For those in the UK, I did some hunting and found best site for gfx cards.  I've used before and got a RAT 7 mouse for way under price.  I've had no issues with the site and I'll be remembering to check them out next time.

http://www.lambda-tek.com/componentshop/index.pl?region=GB&level3=170

The Palit card reviewed by W1zz is on pre order at £415 (£55 less than OcUK and Scan).


----------



## Sasqui (Apr 30, 2012)

I am glad you added this:



> *Important:* Each GPU (including each GPU of the same make and model) will overclock slightly differently based on random production variances. This table just serves to provide a list of typical overclocks for similar cards,  reached during TPU review.



Well written... and true.


----------



## Benetanegia (Apr 30, 2012)

the54thvoid said:


> For those in the UK, I did some hunting and found best site for gfx cards.  I've used before and got a RAT 7 mouse for way under price.  I've had no issues with the site and I'll be remembering to check them out next time.
> 
> http://www.lambda-tek.com/componentshop/index.pl?region=GB&level3=170
> 
> The Palit card reviewed by W1zz is on pre order at £415 (£55 less than OcUK and Scan).



Hmm not sure if I'd buy from this Lambda place, might suffer some "Unforeseen Consequences"*. j/k


----------



## dj-electric (Apr 30, 2012)

*looking at overclock scaling performance again...
*not pleased... at all. again.


----------



## the54thvoid (Apr 30, 2012)

Benetanegia said:


> Hmm not sure if I'd buy from this Lambda place, might suffer some "Unforeseen Consequences"*. j/k



Hmm, I think they _are_ based in Black Mesa.


----------



## Delta6326 (Apr 30, 2012)

Good review. Can't wait for your 690

I really like the Temp page and BF3 OC.

Does the 680 not work in some Multi screen games as their are several games that it did not work in.


----------



## W1zzard (Apr 30, 2012)

Delta6326 said:


> Does the 680 not work in some Multi screen games



yup. runs in single monitor in those games. since it works with ati it's not a game issue


----------



## Jiraiya (Apr 30, 2012)

W1zzard said:


> yup. runs in single monitor in those games. since it works with ati it's not a game issue


Driver?






http://www.hardwarecanucks.com/foru.../52616-nvidia-geforce-gtx-680-2gb-review.html


----------



## W1zzard (Apr 30, 2012)

hmmm maybe i have to update dirt 3 to latest version


----------



## GSquadron (Apr 30, 2012)

I would bet all nvidia's upcoming products will be best on palit


----------



## raptori (Apr 30, 2012)

nice updating w1zzard on the Overclocking page.


----------



## techtard (May 1, 2012)

This is one nice looking graphics card.


----------



## Bjorn_Of_Iceland (May 1, 2012)

The shroud looks like a stealth vehicle. Also, it looks like its running on a 6 phase PWM instead of the regular 5 phase. All for the same price tag of a reference card. Nice one Palit.


----------



## HTC (May 1, 2012)

This is the 1st time i've seen an OCed card version that costs the same as the non OCed version and, to top it off, actually performs better all around: power consumption included.

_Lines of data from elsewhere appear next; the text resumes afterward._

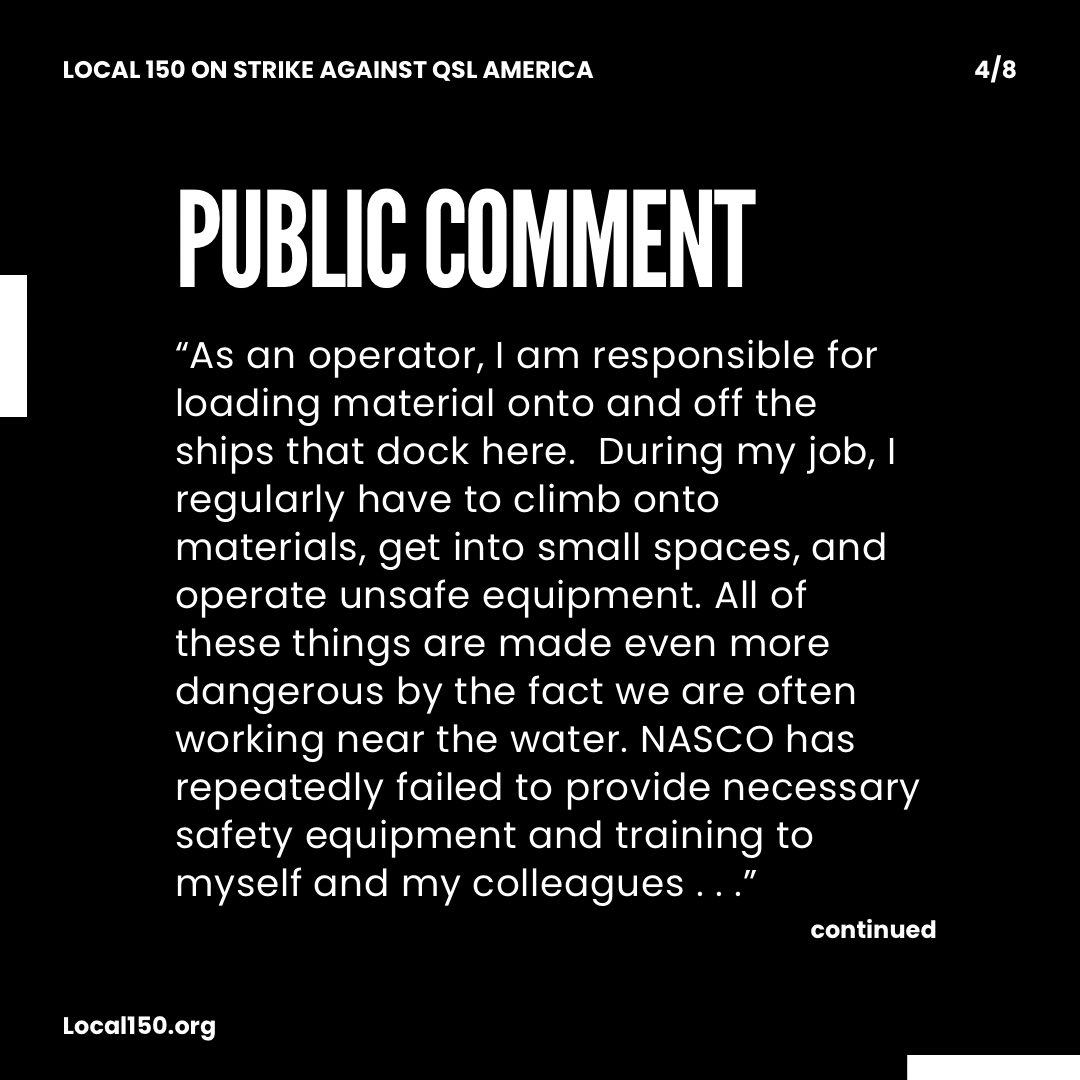 IUOE Local 150 | Countryside IL
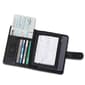 Samsonite Passport and Luggage Tag Gift Set - image 3
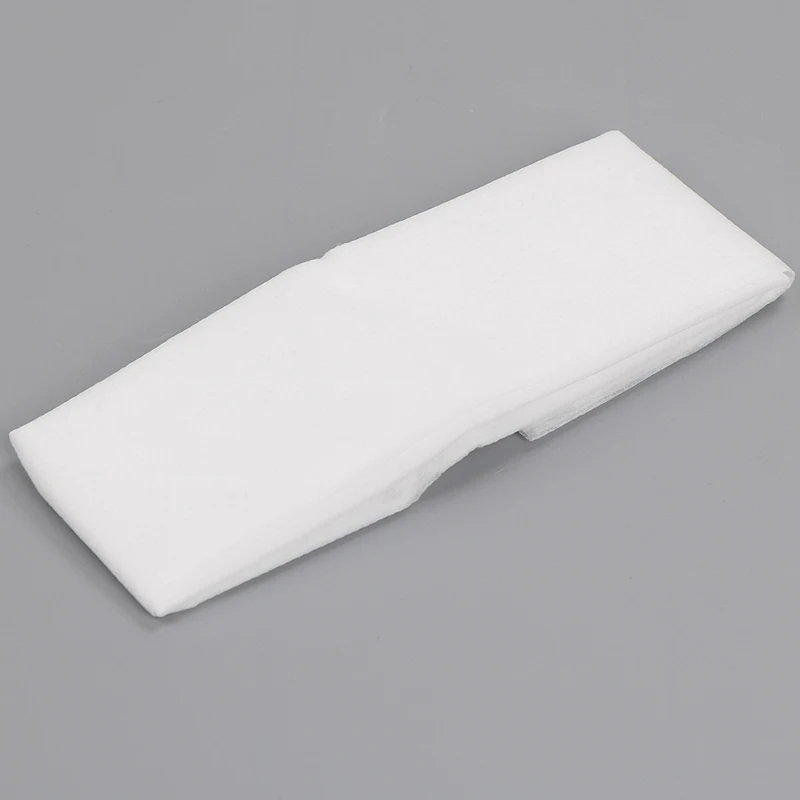 

New Bandage Medical Burn Dressing Bandage Fracture Fixation Emergency Bandage Wound Care Triangular First Aid Kit Wrap Bandage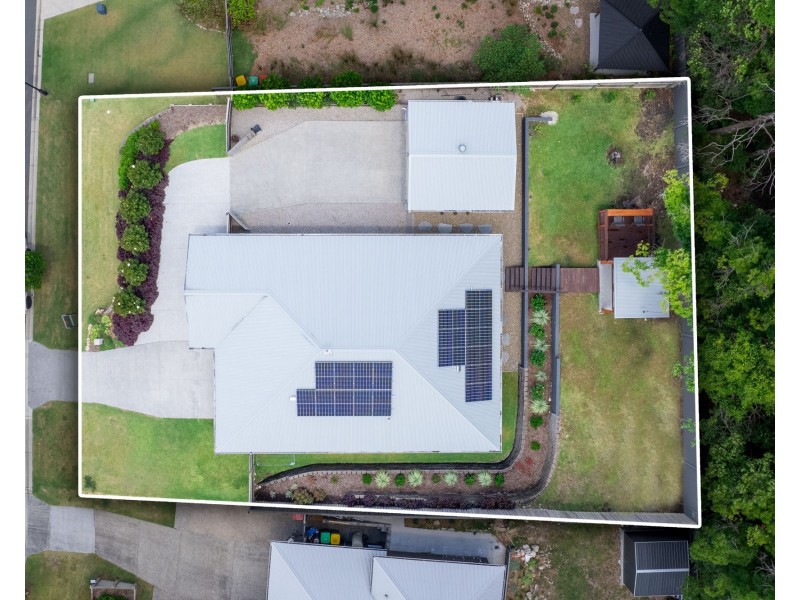 12 Warner Crescent, Yandina QLD 4561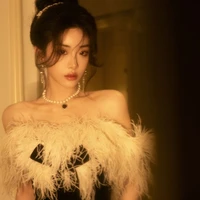 Lệ Quyên _ Mẹ anh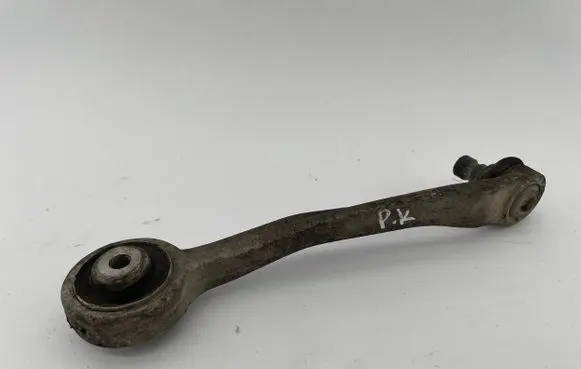 Audi A4 S4 B8 8K Front control arm 8K0407505A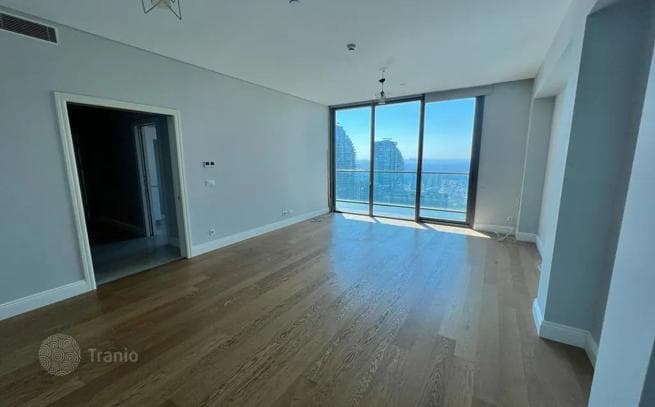 4-комнатная квартира 340 м² в Сарыере, Турция, фото 3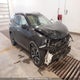 5N1AT2MV4LC704990 2020 Nissan Rogue Sl auction photo thumbnail 1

nVidia and AMD: better pay close attention. Palit's on to something.


----------



## dj-electric (May 1, 2012)

They are on to something that PC-Partner are on to too, its called making your own PCB at lower costs


----------



## HTC (May 1, 2012)

Dj-ElectriC said:


> They are on to something that PC-Partner are on to too, its called making your own PCB at lower costs



Not what i meant: i was referring to performing better @ lower temps and noise.


----------



## dj-electric (May 1, 2012)

NVIDIA and AMD are not intending to create the best reference designs they can. The intentionally leave a lot of room for improvement to the manufactures.


----------



## Casecutter (May 1, 2012)

Yea, that pricing is surprising, and the fact they provide with 6 phase PWM with it is very nice, but as to the NCP 4206 controller... I wonder if a better part while less pricy as it works better with the 6 Phase...  

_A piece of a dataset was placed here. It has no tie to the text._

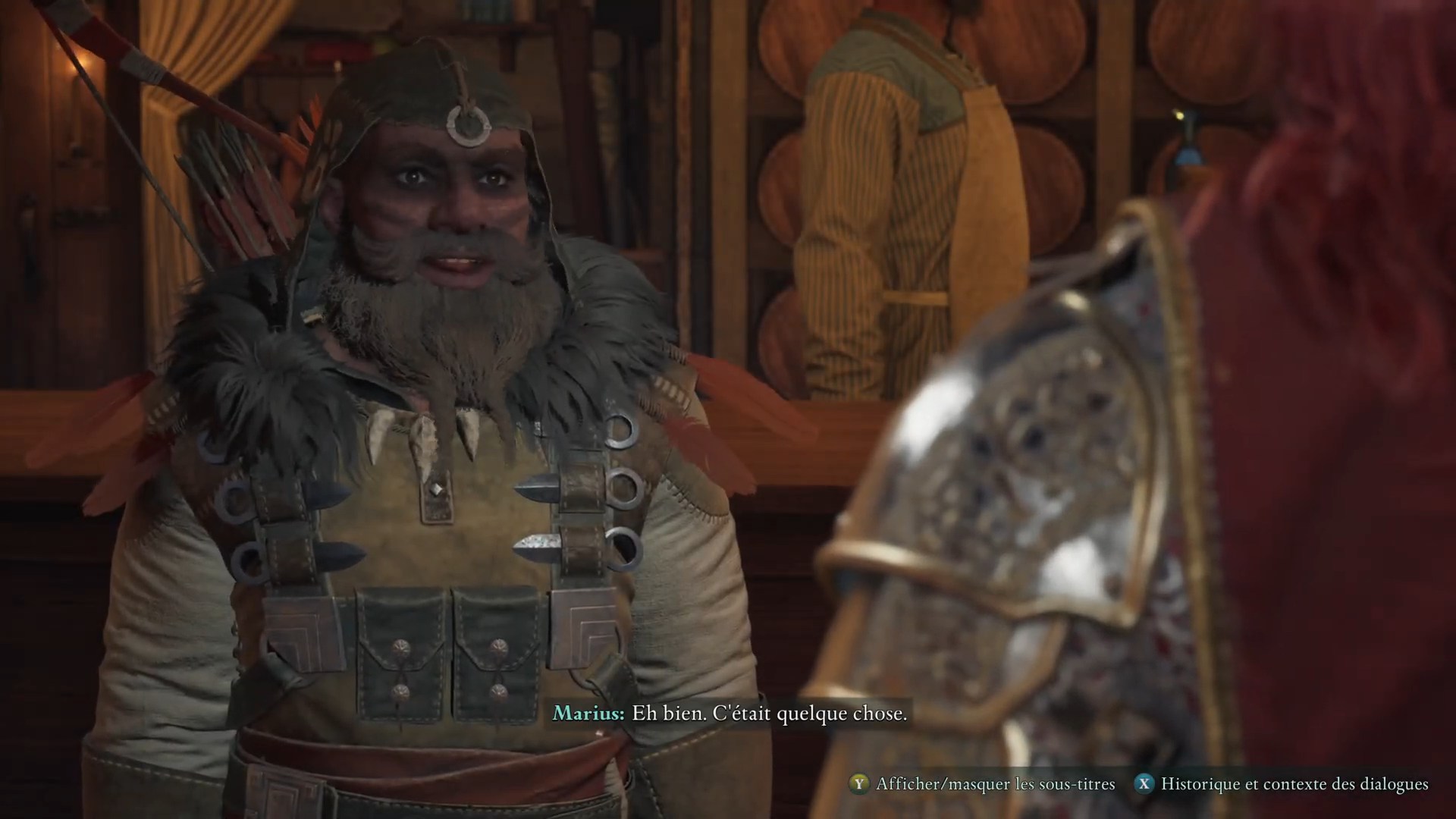 avowed-compagnons-marius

I would have like to see the heat sink layout, you know a picture of it with out the shroud.  What struck me was the backside of cooler would appear more akin to backing plate to add rigitity. 

Nice offering Palit.


----------



## anubis44 (May 5, 2012)

Aleksander Dishnica said:


> I would bet all nvidia's upcoming products will be best on palit



I sincerely hope not. Palit is one of the worst card makers out there. I had a Palit 4850 and the card died about 1 month past its 2nd birthday, just after the warrany expired. They're garbage. Go with Gigabyte or MSI (or Sapphire or XFX on the AMD side, too) and save yourself the headaches.


----------